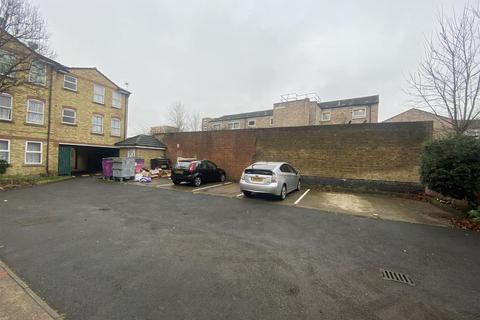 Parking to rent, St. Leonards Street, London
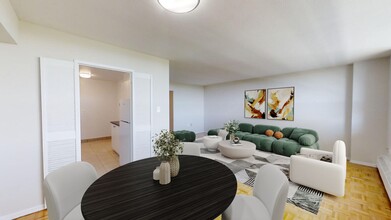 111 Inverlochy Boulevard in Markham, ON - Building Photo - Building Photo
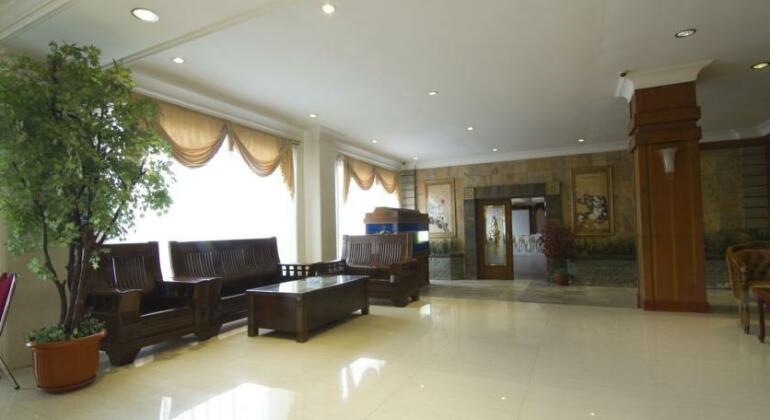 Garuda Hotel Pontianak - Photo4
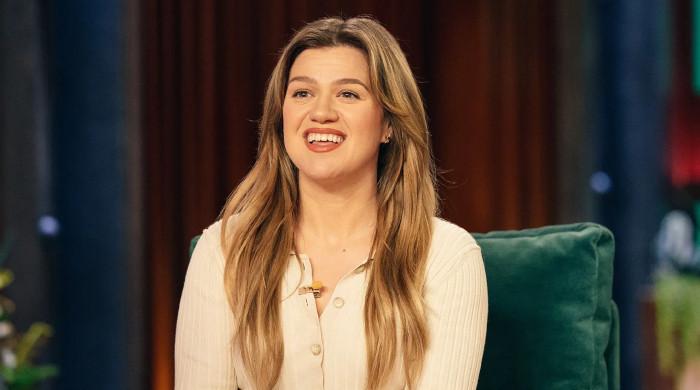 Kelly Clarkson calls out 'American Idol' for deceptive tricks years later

·····

TASK TO COMPLETE → Nothing but the pictures is to be left out; the rest of the listing should be copied exactly.

EXPECTED ANSWER →
 Parking to rent, St. Leonards Street, London
 111 Inverlochy Boulevard in Markham, ON - Building Photo - Building Photo
 Garuda Hotel Pontianak - Photo4
 Kelly Clarkson calls out 'American Idol' for deceptive tricks years later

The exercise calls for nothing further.